The current payments spent by the department amounted to R589.8 million or 98.4 per cent of the available R599.4 million. Spending was within the benchmark of the projected R588.8 million. The slow spending mainly in goods and services is due to unspent funds, Information Technology systems and office accommodation.

 

4.6.2.    Transfers and subsidies

 

Transfers and subsidies spent amounted to R420.8 million or 100 per cent of the available R420.8 million, which is 4 per cent below the projected R438.4 million. There were savings that were shifted to current payments. This translates to spending is within the allocated funds.

 

4.6.3.    Payment of capital assets

 

The payments for capital assets spent 18.6 million or 100 per cent of the available budget. Spending was 58 per cent more than the projected R11.7 million, mainly attributable to the reclassification of finance lease costs from the item goods and services to capital payments.
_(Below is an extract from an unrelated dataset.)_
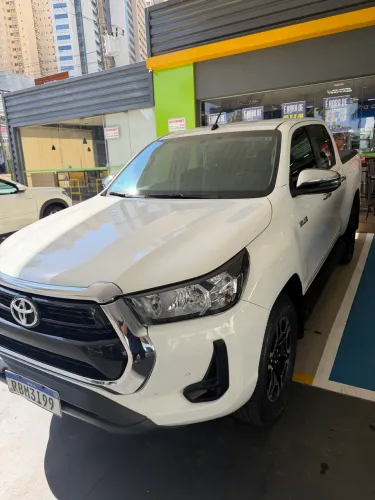 Toyota Hilux CD SRV 4X4 2.8 TDI Diesel Aut. 2021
The rehabilitation of ownerless and derelict mines were not realised as anticipated. There were delays in implementing the projects and capacity problems within the sub-programme Mine Environmental Management: Mine Closure Directorate. The sub-programme spent 69 per cent of the allocated budget. Transfers and subsidies to public entities and agencies constituted R438 million or 42 per cent of the total vote allocation.

 

5.         Analysis of the Department’s Annual Report and Financial Statements

 

5.1.       Analysis of Non-Financial Performance

 

The Department of Mineral Resources comprises four programmes, namely: Administration, Promotion of Mine Safety and Health, Mineral Regulation and Mineral Policy and Promotion.

 

5.1.1     Administration

 

This programme comprises: Audit Services Chief Directorate, Corporate Service Branch, the Office of the Chief Financial Officer and the Chief Operations Officer.

 

5.1.1.1. Corporate Services Branch

 

Contribute to skills development

The Department had 15 mining career awareness initiatives against a target of eight.

 

Sustainably develop vulnerable groups

The Department exceeded the target of two projects facilitated and led by vulnerable groups by achieving six.

 

Communicate the DMR policies and programmes among internal and external stakeholders

The DMR exceeded the target of holding five media engagements by 2011/2012 by a variance of 18. It held a total of 23 media engagements. The DMR achieved the target of developing and implementing one new website and intranet by 2011/2012. The target of 80 positive or balanced news items by 2011/2012 was exceeded by 115.

 

Facilitate and support transformation initiatives

There is inconsistency in the manner in which the targets under this strategic objective are stated in the Strategic Plan and the Annual Report. The Strategic Plan stated the target was to initiate two mainstreaming projects for women in mining. The Annual Report reflects that 12 women mainstreaming projects were initiated against a target of four.

 

Develop, review and improve internal processes/ guidelines/ procedures

The Strategic Plan reflected a target of nine polices to be reviewed developed by 2011/2012. However, the Annual Report shows that 14 policies were developed/ reviewed against a target of three. Therefore the variance is wrongly reflected as 11 instead of five.

 

The Strategic Plan reflected a target of developing/ reviewing three guidelines and procedures by 2011/2012. However, the Annual Report shows that the Department exceeded the target by developing/reviewing two guidelines against a target of one. Therefore the Department did not achieve the target of developing/ reviewing three guidelines and procedures as stated in the Strategic Plan.

 

The DMR also did not achieve the target of implementing one service level agreement by 2011/2012.

 

Provide professional legal support and advisory service to Ministry and Department

The DMR achieved 68 per cent timeous response rate to opinions, appeals and litigation against a target of 75 per cent.

 

Effective implementation of the Performance Management Development System (PMDS)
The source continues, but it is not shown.